Large degree-1 discrete SD uses an exact order-statistic dominance matrix: one empirical sample FSD-dominates another iff every sorted order statistic is at least as large, with at least one strict improvement.
Guarded prefix-pair evaluation skips curve work for min/mean/identical impossible pairs, and the standalone efficient-set path only checks already-kept candidates for degree 2/3 and degree-1 continuous cases.
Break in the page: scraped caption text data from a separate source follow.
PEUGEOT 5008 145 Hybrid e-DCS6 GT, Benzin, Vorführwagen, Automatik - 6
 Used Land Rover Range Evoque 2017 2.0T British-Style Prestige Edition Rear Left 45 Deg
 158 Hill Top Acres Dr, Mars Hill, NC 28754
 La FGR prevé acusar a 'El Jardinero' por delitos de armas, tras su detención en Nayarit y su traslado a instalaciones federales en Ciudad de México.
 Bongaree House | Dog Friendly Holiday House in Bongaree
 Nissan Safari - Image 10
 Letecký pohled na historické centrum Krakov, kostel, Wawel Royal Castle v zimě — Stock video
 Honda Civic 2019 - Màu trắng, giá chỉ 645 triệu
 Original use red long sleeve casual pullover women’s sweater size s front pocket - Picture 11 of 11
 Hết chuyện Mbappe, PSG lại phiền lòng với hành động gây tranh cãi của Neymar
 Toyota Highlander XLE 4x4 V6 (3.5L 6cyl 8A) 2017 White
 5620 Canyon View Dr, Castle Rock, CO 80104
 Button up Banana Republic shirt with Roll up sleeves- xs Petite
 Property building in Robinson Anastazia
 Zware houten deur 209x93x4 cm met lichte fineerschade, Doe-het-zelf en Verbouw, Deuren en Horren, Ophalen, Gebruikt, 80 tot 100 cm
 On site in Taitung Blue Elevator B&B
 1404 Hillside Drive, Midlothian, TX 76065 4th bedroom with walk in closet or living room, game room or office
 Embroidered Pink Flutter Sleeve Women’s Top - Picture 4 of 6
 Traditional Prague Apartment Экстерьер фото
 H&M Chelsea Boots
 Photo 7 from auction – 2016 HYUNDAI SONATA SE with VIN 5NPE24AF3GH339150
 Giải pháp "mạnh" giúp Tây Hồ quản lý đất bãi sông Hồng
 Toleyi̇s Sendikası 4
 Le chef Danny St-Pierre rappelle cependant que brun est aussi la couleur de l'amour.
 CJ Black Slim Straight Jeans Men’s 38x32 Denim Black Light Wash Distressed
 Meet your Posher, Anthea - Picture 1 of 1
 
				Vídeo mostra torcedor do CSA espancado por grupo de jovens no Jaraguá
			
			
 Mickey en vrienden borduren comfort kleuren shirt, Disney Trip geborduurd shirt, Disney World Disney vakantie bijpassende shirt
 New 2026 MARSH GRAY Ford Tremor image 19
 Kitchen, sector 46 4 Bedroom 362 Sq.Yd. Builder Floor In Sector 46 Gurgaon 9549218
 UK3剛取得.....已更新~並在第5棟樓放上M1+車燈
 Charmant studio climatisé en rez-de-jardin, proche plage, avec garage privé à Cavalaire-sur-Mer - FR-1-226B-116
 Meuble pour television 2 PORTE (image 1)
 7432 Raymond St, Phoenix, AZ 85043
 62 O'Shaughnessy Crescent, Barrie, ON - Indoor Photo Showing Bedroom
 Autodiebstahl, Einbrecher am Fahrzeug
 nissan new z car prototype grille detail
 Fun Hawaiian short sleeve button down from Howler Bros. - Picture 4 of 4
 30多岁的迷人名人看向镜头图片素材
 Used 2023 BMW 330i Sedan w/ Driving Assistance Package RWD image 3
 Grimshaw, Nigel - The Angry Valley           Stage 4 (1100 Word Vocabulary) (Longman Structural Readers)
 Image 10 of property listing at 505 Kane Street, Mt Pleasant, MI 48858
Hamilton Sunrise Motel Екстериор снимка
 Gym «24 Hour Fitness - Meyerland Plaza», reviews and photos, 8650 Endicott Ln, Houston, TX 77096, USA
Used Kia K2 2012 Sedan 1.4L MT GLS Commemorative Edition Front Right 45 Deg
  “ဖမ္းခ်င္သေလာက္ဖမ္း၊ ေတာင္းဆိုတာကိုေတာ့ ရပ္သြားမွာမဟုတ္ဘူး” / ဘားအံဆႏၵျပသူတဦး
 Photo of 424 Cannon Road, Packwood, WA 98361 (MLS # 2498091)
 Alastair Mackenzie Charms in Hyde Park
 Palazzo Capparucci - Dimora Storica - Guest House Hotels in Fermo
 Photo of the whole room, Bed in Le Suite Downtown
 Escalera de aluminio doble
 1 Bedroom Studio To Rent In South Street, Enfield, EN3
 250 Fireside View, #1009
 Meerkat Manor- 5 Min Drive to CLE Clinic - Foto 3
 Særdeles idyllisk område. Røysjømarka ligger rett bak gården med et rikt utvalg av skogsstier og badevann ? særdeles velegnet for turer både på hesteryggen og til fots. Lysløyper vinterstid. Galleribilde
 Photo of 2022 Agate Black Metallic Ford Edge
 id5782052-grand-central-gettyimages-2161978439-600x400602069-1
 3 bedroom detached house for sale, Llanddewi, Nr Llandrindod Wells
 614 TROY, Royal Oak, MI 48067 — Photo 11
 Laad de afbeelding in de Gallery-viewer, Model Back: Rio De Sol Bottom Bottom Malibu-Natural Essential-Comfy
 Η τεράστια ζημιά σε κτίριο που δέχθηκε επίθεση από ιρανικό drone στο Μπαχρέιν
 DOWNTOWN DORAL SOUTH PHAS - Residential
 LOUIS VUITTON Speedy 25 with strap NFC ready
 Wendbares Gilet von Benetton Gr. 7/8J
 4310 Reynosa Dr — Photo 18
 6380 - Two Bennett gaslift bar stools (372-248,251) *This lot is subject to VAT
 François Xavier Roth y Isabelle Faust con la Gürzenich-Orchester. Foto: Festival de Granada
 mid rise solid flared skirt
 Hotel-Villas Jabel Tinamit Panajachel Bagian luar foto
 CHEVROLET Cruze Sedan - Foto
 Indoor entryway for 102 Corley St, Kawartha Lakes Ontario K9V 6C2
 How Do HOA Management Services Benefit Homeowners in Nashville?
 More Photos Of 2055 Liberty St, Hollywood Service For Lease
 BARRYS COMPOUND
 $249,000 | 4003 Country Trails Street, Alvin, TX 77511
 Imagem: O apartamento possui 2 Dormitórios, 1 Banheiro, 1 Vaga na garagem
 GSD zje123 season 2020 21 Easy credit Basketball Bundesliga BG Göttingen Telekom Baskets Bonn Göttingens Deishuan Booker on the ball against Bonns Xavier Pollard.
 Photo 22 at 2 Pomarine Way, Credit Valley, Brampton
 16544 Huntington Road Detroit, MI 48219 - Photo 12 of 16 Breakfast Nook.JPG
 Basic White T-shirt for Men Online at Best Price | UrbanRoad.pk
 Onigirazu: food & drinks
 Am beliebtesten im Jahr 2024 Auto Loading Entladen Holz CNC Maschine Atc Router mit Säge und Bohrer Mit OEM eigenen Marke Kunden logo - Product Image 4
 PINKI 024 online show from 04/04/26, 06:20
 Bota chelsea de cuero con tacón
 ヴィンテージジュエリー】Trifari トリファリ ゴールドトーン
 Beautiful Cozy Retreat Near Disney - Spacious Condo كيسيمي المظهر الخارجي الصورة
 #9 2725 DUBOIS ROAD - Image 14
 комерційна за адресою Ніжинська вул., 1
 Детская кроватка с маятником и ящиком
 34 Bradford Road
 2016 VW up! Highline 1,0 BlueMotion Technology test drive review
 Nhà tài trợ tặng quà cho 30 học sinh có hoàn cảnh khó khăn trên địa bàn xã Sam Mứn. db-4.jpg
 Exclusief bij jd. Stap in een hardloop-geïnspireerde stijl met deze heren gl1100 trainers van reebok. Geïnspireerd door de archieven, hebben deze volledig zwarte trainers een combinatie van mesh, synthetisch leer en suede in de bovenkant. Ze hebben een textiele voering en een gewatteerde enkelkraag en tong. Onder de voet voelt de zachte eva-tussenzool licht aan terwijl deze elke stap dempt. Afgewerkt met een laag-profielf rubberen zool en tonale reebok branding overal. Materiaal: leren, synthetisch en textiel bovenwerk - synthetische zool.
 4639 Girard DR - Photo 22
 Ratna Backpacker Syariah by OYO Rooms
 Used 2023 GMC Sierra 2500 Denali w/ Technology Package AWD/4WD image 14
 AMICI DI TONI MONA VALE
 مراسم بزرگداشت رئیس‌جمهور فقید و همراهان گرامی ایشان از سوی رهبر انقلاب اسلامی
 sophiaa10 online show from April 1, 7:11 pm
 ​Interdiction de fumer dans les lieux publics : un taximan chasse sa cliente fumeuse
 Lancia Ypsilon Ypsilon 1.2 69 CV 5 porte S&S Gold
The implementation deliberately follows R's C++ SD algorithmic structure: sorted columns, prefix sums, pair-threshold dominance checks, exact guards, and no tolerance-based shortcuts.
Full-fixture NNS Python runs are feasible for research iteration, but R's C++ SD core remains materially faster on the largest cluster cases.